How to earn money: If you know how to put away cash appropriately, then, at that point, there are many such plans which can make you rich. One such plan is the Public Provident Fund (PPF) plan of the post office. This plan of Post Office is extremely useful in making huge corpus in the long haul.
Most secure venture
The specialty of this plan is that your interest in it is totally protected. It isn’t impacted by market vacillations. These interest rates are fixed by the government, which is looked into on a quarterly premise. The post office is at present getting 7.1 percent yearly premium on the PPF scheme.
Account can be opened in bank branch
You can open Public Provident Fund (PPF) account at the post office or bank office. This account can be opened with just Rs 500. In this, up to Rs 1.50 lakh can be kept yearly. The maturity of this account is 15 years. Be that as it may, after maturity, there is a facility to broaden it further in the section of 5-5 years.
Will make crorepati by contributing Rs 12,500 consistently
Assuming that you deposit Rs 12,500 in a PPF account consistently and keep up with it for quite some time, you will get a sum of Rs 40.68 lakh on maturity. In this, your absolute venture will be Rs 22.50 lakh, while Rs 18.18 lakh will be your pay from interest.
This computation has been finished expecting the interest rate of 7.1% per annum for the following 15 years. The development sum might change when the financing cost changes. Know here that compounding in PPF occurs on a yearly premise.
There will be a benefit of crores like this
To turn into a tycoon from this plan, then, at that point, you need to increment it two times following 15 years for 5-5 years. That is, presently your venture residency has become 25 years. Accordingly, following 25 years your complete corpus will be Rs 1.03 crore. Your all out interest in this period will be Rs 37.50 lakh, while you will acquire Rs 65.58 lakh as interest pay.

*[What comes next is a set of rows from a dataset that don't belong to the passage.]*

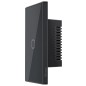 Interrupteur mural intelligent WiFi Sonoff TX Gen2 et série T6-120MB noir mat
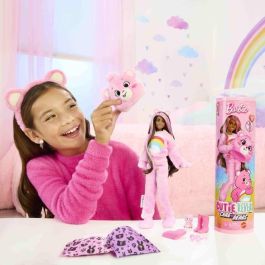 Muñeca osos amorosos mimosa barbie cutie reveal con 10 sorpresas.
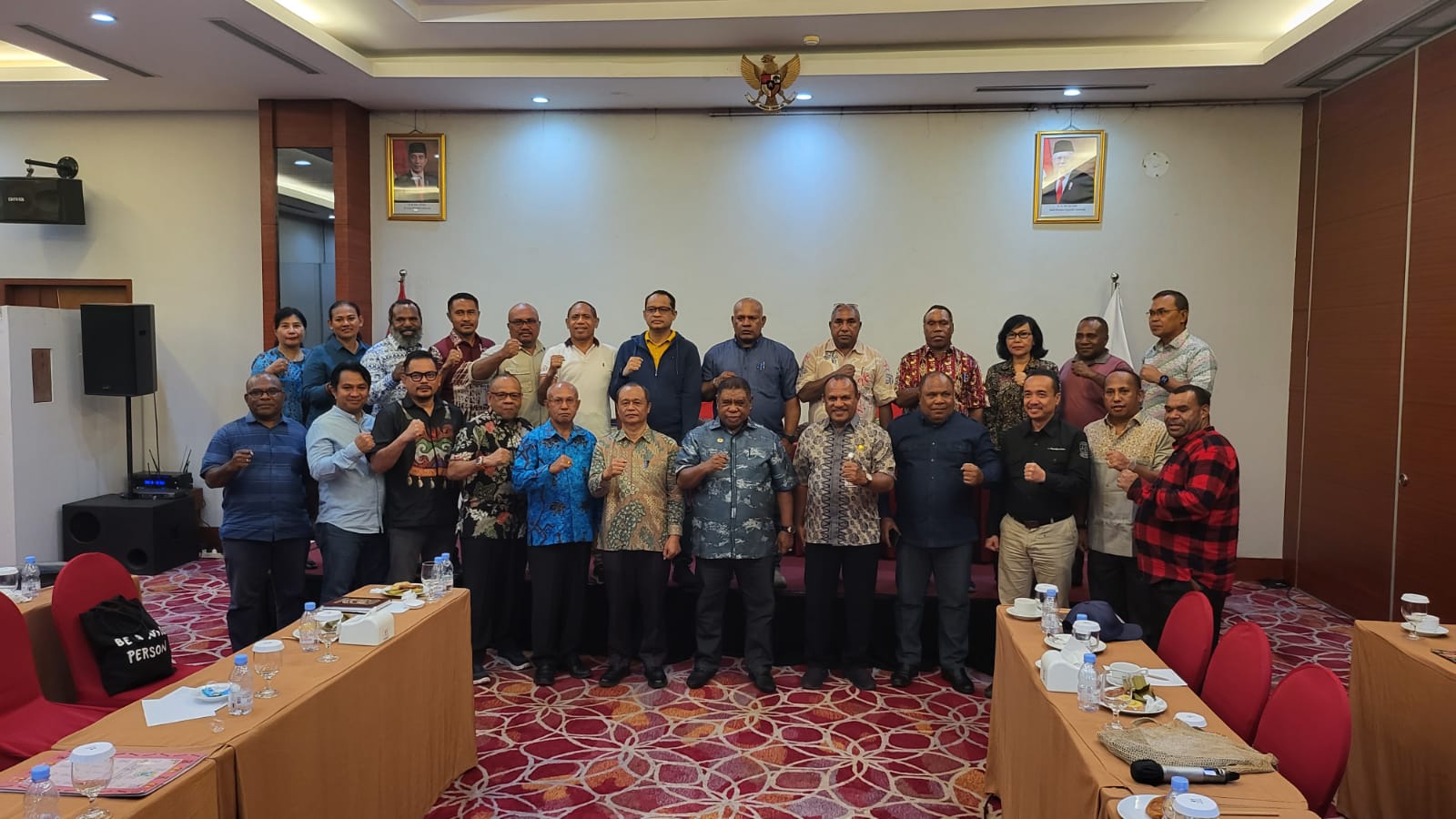 Pemprov Papua Barat Adakan Rapat Asistensi Evaluasi Kinerja Pj. Gubernur Triwulan Ke III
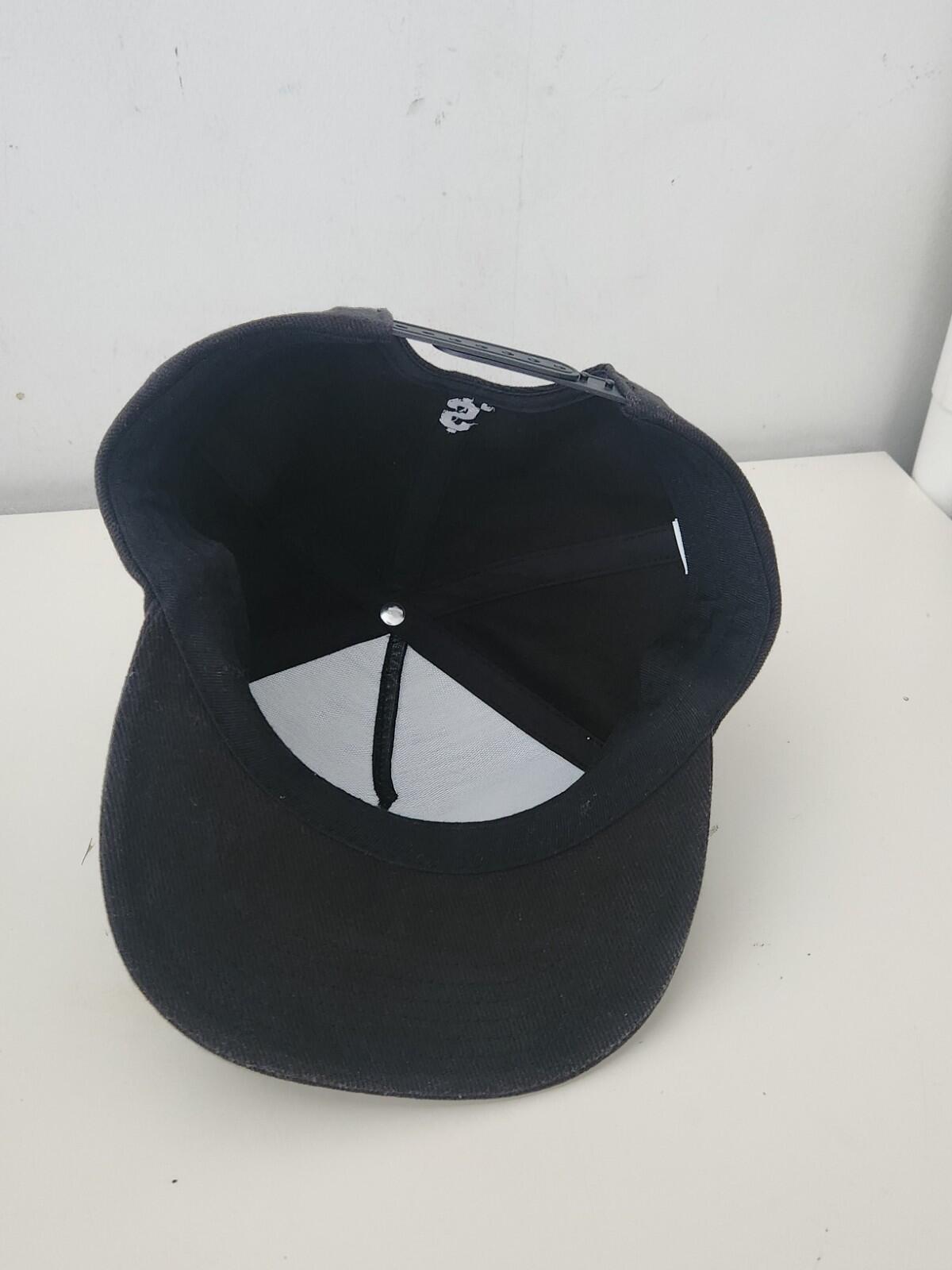 SS24 Supreme Twill Patch 5-Panel Cap Black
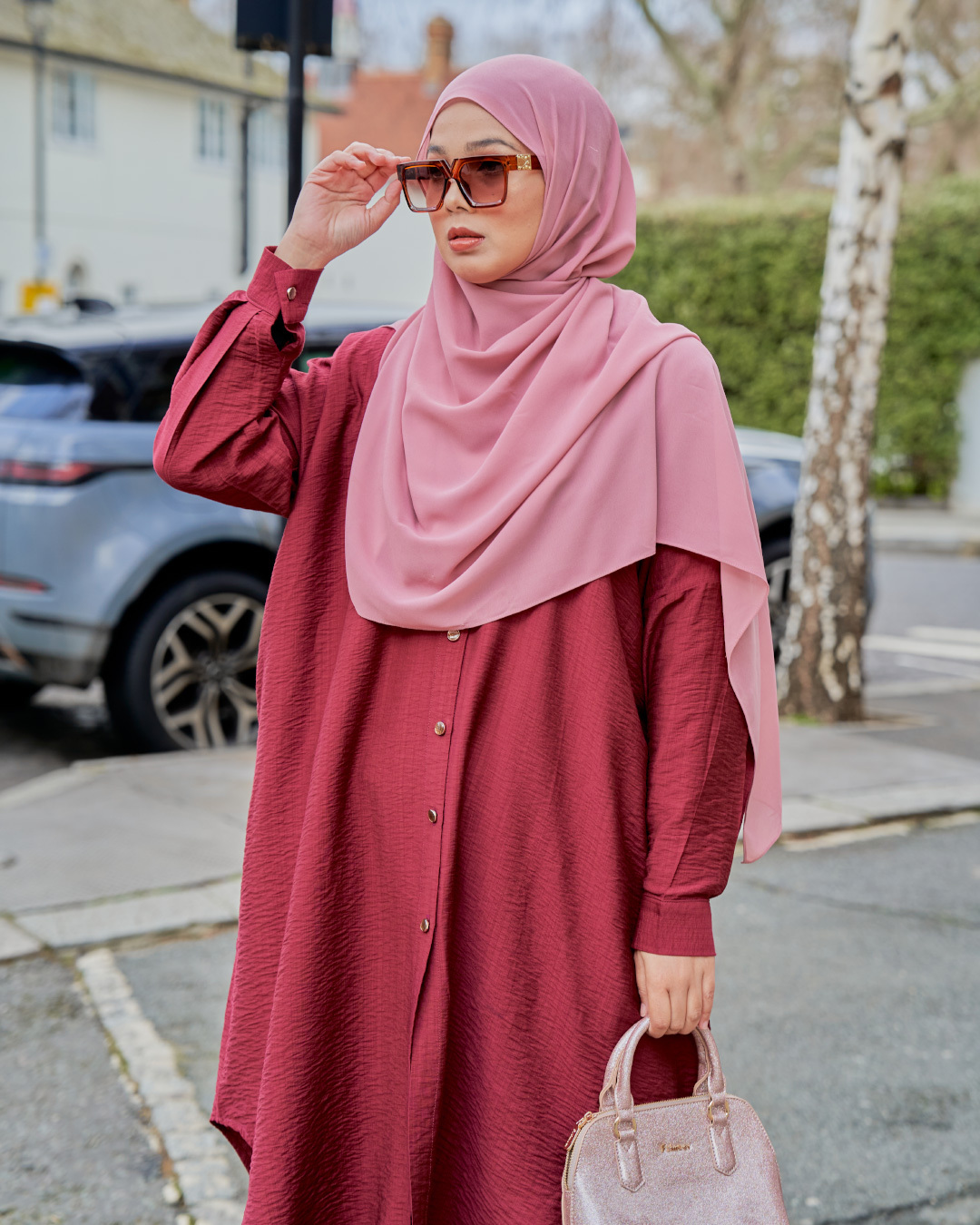 Suit Soho - Maroon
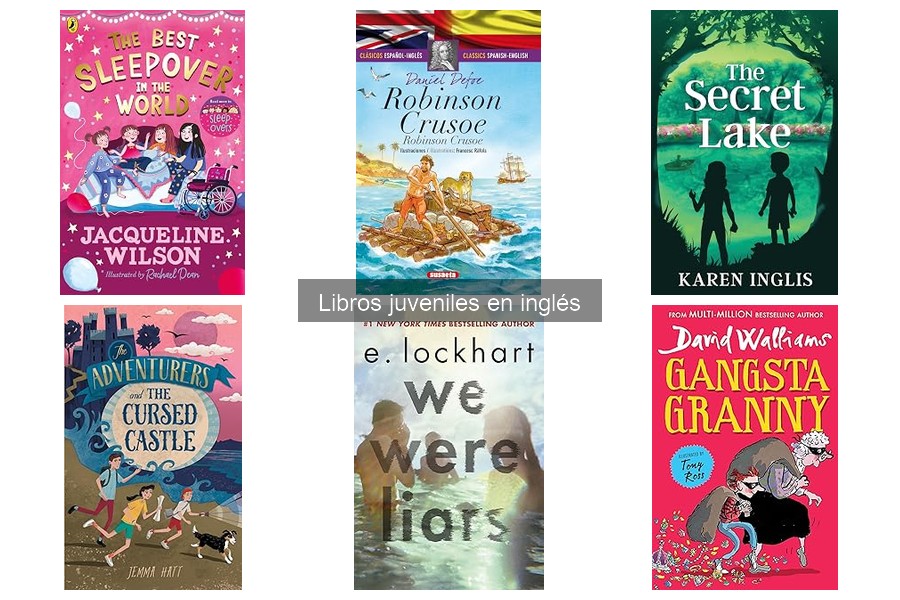 Libros juveniles en inglés galardonados: descubre los mejores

Remember that to broaden the PPF account further, then, the application must be given one year before the maturity. The account can’t be reached out after maturity.
Benefit on tax
The greatest benefit of the PPF scheme is that it gives tax breaks under segment 80C of the Income Tax Act. In this, derivation can be taken for venture up to Rs 1.5 lakh in the plan. The premium procured and maturityt sum in PPF is likewise tax exempt. Thusly, interest in PPF goes under the ‘EEE’ classification.
Above all, the government supports little investment funds plans. Accordingly, the endorsers get total insurance on interest in this. In this, there is a sovereign assurance on the premium acquired.